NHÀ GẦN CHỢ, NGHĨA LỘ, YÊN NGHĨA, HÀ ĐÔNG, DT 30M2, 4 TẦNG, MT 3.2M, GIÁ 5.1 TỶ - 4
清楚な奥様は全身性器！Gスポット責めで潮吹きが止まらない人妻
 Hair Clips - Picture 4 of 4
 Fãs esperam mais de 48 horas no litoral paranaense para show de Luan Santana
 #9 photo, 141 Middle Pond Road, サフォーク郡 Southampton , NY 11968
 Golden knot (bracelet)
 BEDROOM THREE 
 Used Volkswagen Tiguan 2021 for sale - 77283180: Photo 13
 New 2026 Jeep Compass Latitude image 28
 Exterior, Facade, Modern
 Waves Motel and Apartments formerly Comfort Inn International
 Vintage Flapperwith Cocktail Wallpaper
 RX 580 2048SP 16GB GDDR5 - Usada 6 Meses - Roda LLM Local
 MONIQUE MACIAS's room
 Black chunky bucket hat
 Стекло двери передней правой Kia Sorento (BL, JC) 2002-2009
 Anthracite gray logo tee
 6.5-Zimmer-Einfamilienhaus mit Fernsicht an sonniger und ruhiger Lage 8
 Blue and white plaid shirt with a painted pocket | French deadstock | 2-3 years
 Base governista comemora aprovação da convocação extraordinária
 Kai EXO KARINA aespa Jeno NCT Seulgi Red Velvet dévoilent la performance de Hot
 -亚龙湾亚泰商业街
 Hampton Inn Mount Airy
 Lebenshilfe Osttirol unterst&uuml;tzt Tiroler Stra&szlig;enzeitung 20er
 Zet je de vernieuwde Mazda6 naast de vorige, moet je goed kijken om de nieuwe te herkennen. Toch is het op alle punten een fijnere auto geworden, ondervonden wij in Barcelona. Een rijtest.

§ **Required work**:
What is asked for is an exact copy of the lines above from the one containing "Hair Clips - Picture 4 of 4" through the one containing "RX 580 2048SP", and only those.

§ **Response to this exercise**:
 Hair Clips - Picture 4 of 4
 Fãs esperam mais de 48 horas no litoral paranaense para show de Luan Santana
 #9 photo, 141 Middle Pond Road, サフォーク郡 Southampton , NY 11968
 Golden knot (bracelet)
 BEDROOM THREE 
 Used Volkswagen Tiguan 2021 for sale - 77283180: Photo 13
 New 2026 Jeep Compass Latitude image 28
 Exterior, Facade, Modern
 Waves Motel and Apartments formerly Comfort Inn International
 Vintage Flapperwith Cocktail Wallpaper
 RX 580 2048SP 16GB GDDR5 - Usada 6 Meses - Roda LLM Local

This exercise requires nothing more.